Poetry by Lou Lipsitz

December 27th, 2013

georelewishifi

In memory of George Lewis, Great Jazzman

1

Man is the animal that knows
the clarinet

makes his living
on the docks, a stevedore,
110lbs., carrying what loads
he can

the Depression comes along,
his teeth rot, no money and
he has to accept silence

 

2

Thirteen years
later
they put the instrument
back together
with rubber bands
bought him
new teeth
and then he began

 

I     C     E
E                            I
C                                C
I                                      E
C                                C
E                            I
I     C     E
C————————————————-C

R                              R

E                     E

A        A

M M

E      R                               A      V
V                       T                   W                 E
O                           H     E                                            S

M———————————————————————-T
Y                                                   I
B                                             N
U                                          I
C                                     E
K                                L
E                          O
T’                      H
S G O T A

One song they say

was pure
uninhibited joy
words
cannot tell you

survived so long
in those empty jaws

 

3

He lived and died
there.
Had a New Orleans funeral.

Leading the mourners
his old friends’ band
trudged
to the cemetery, heads
down, trombones scraping
the ground, slow tones of
“Just a Closer Walk…”
helping to carry
the solemn mud
of their steps.

Graveside,
words said, tears fallen,
they turned
to walk back;
a few beats on the big
drum, then soft plucking
of a banjo string-
in another block
the clarinet wailed
and then suddenly they were
playing
“The Saints…” full blast
and people jumped
and shouted and dances
just as he’d known they would.

 

4

Alright.
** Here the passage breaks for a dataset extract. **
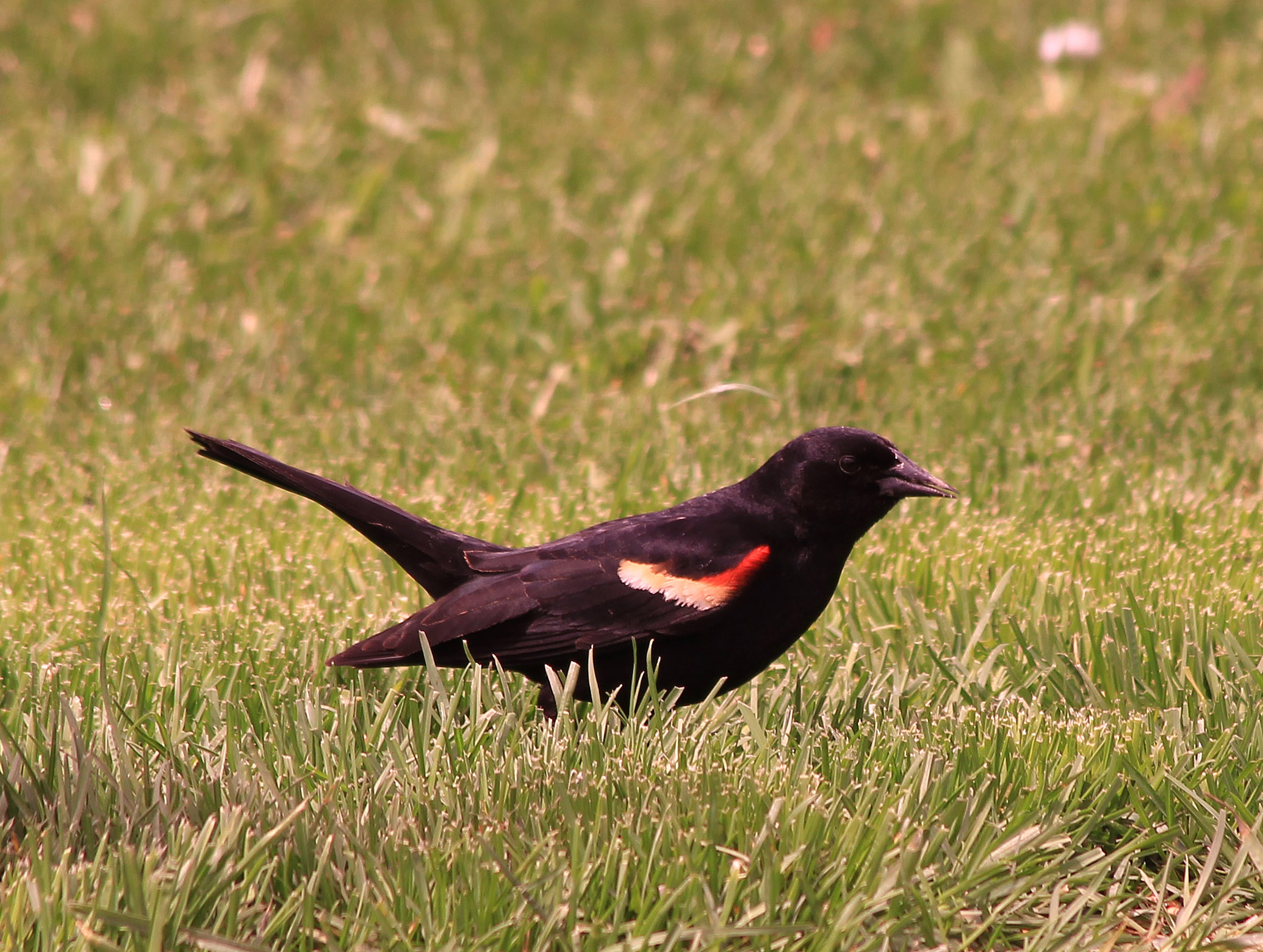 Redwing Blackbird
There is a frailness
in all our music.
Sometimes we’re broken
and it’s lost.
Sometimes we forget
for years it’s even in us, heads
filled with burdens and smoke.

And sometimes we’ve held
to it and it’s there,
waiting to break out
walking back from the end.

 

*

 

Poignant Moment, listening to “Lakes” played by
the Pat Metheny Group, Sunset Beach, Summer,
1984

 

The song comes over me like a wheat field, my face
brushed by golden stalks

My spirit moves forward like a blind one and when
things touch me… I see them

How could I know there was so much tenderness
hidden in things, in my flesh?

How could I know the love for the white paint for
the porch of the house where it clings
and flakes? How could I know my daughter
would come back?

How could I know about the air or the inquiring,
efficient blood, returning to the cells?

I see the love of the pale blue wind for our clothes,
blown out from the line,

The wind loves our house, whistling through tiny
cracks, blowing steadily toward us.

There is something in me that listens and stirs.
Everything flows, grasping. Everything is
a kind of attachment, a music; time aching
through us.

It is too much to feel. I put down my pad. Even
breathing is a kind of ceaseless music.

I see we cannot rest, ever. We seek for love,
continually, carried along like dust, swept
across lakes. How did I ever come to be
here, to know these people, to love them?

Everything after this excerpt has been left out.